The Baconian revolution, like those that followed it, brought with it a specific suite of technologies. Square-rigged ships capable of  long deepwater voyages revolutionized international trade and naval warfare; canals and canal boats had a similar impact on domestic transport systems. New information and communication media—newspapers, magazines, and public libraries—were crucial elements of the Baconian technological suite, which also encompassed major improvements in agriculture and in metal and glass manufacture, and significant developments in the use of wind and water power, as well as the first factories using division of labor to allow mass production.

The second revolution—corresponding to Mumford’s paleotechnic phase—was the Wattean revolution, which got started around 1780. This takes its name, of course, from James Watt, whose redesign of the steam engine turned it from a convenience for the mining industry to the throbbing heart of a wholly new technological regime, replacing renewable energy sources with concentrated fossil fuel energy and putting that latter to work in every economically viable setting. The steamship was the new vehicle of international trade, the railroad the corresponding domestic transport system; electricity came in with steam, and so did the telegraph, the major new communications technology of the era, while mass production of steel via the Bessemer process had a massive impact across the economic sphere.

The third revolution—corresponding to Mumford’s neotechnic phase—was the Ottonian revolution, which took off around 1890. I’ve named this revolution after Nikolaus Otto, who invented the four-cycle internal combustion engine in 1876 and kickstarted the process that turned petroleum from a source of lamp fuel to the resource that brought the industrial age to its zenith. In the Ottonian era, international trade shifted to diesel-powered ships, supplemented later on by air travel; the domestic transport system was the automobile; the rise of vacuum-state electronics made radio (including television, which is simply an application of radio technology) the major new communications technology; and the industrial use of organic chemistry, turning petroleum and other fossil fuels into feedstocks for plastics, gave the Ottonian era its most distinctive materials.
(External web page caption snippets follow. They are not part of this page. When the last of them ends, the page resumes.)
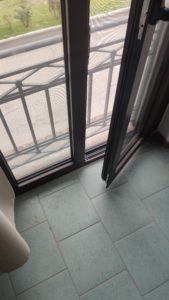 porta finestra_Caserma_Mameli_post_intervento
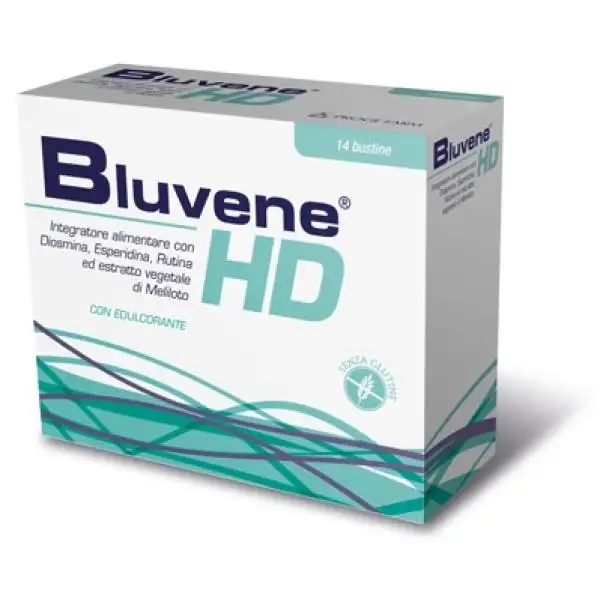 Bluvene hd integratore alimentare 14 bustine x63g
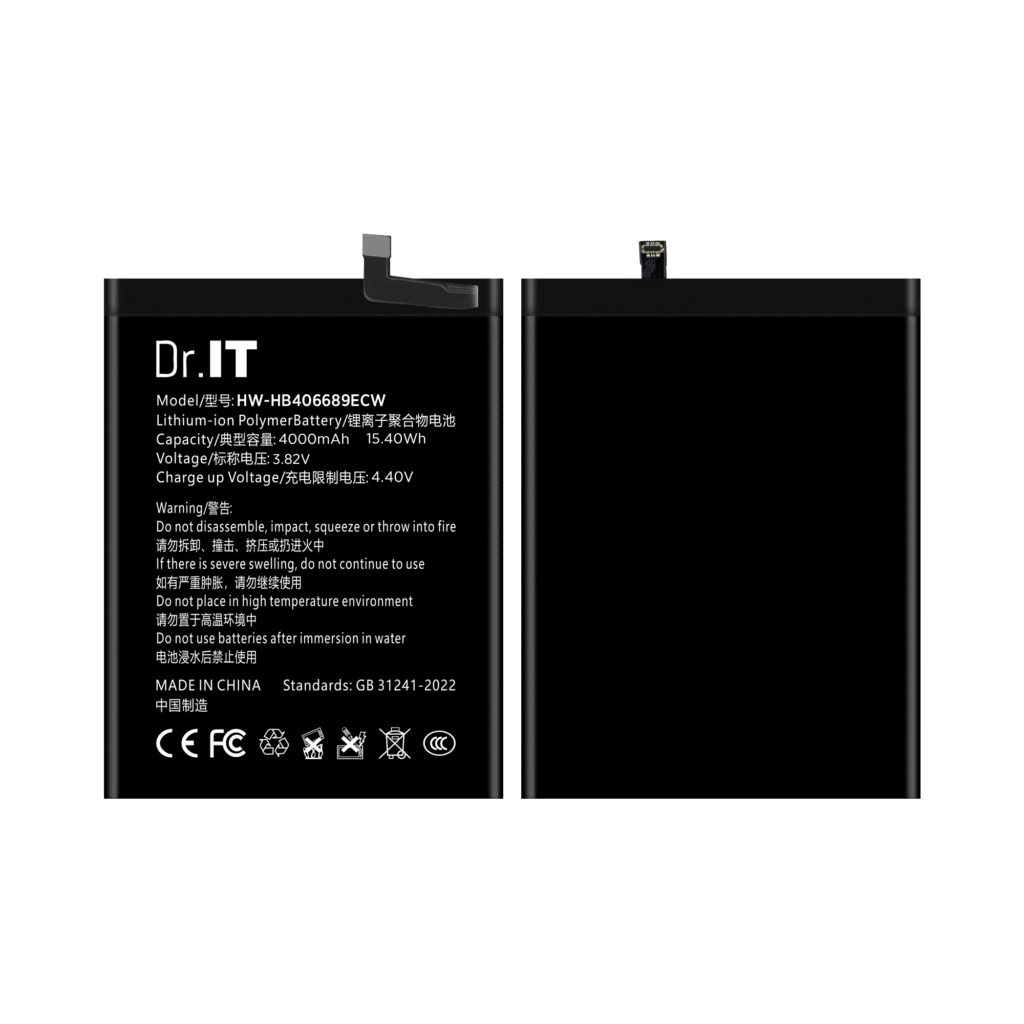 DoctorIT HW-HB406689ECW Replacement Battery Huawei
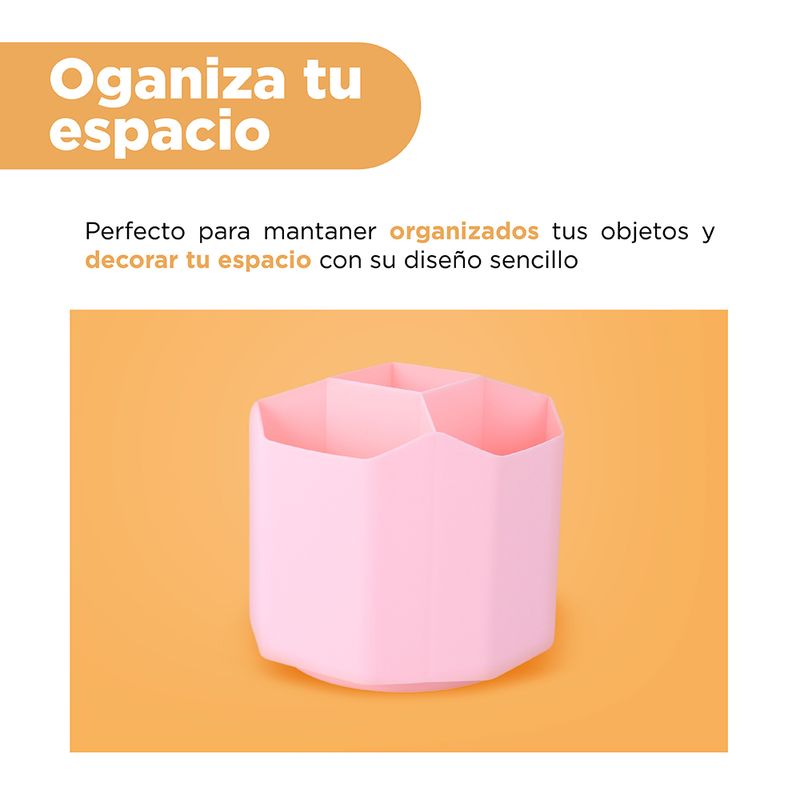 Organizador-de-pl-stico-portalapices-giratorio-de-5-ranuras-mori-girl-rosa-Miniso-4-28494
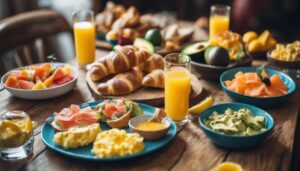 mimosa pairing guide available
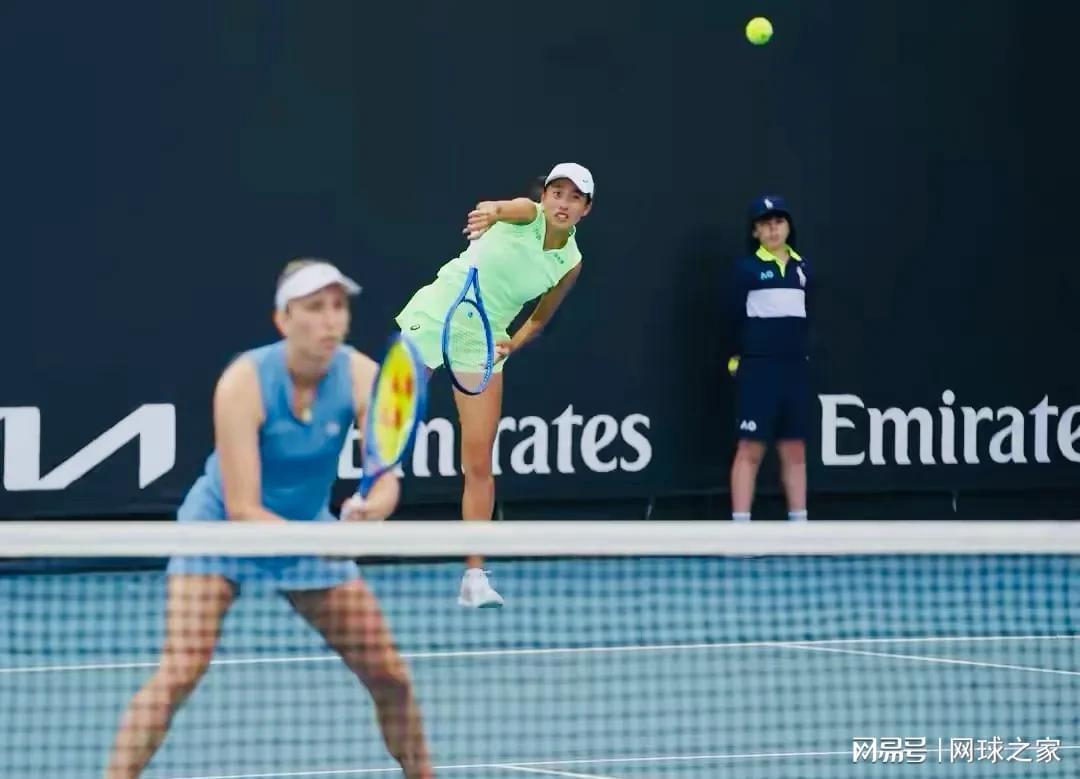 开云-张之臻双打浪费赛点遭逆转澳网之旅结束，张帅37岁生日喜迎开门红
The fourth, partial revolution, which hadn’t yet begun when Mumford wrote his book, was the Fermian revolution, which can be dated quite precisely to 1942 and is named after Enrico Fermi, the designer and builder of the first successful nuclear reactor.  The keynote of the Fermian era was the application of subatomic physics, not only in nuclear power but also in solid-state electronic devices such as the transistor and the photovoltaic cell. In the middle years of the 20th century, a great many people took it for granted that the Fermian revolution would follow the same trajectory as its Wattean and Ottonian predecessors: nuclear power would replace diesel power in freighters, electricity would elbow aside gasoline as the power source for domestic transport, and nucleonics would become as important as electronics as a core element in new technologies yet unimagined.

Unfortunately for those expectations, nuclear power turned out to be a technical triumph but an economic flop.  Claims that nuclear power would make electricity too cheap to meter ran face first into the hard fact that no nation anywhere has been able to have a nuclear power industry without huge and ongoing government subsidies, while nuclear-powered ships were relegated to the navies of very rich nations, which didn’t have to turn a profit and so could afford to ignore the higher construction and operating costs. Nucleonics turned out to have certain applications, but nothing like as many or as lucrative as the giddy forecasts of 1950 suggested.  Solid state electronics, on the other hand, turned out to be economically viable, at least in a world with ample fossil fuel supplies, and made the computer and the era’s distinctive communications medium, the internet, economically viable propositions.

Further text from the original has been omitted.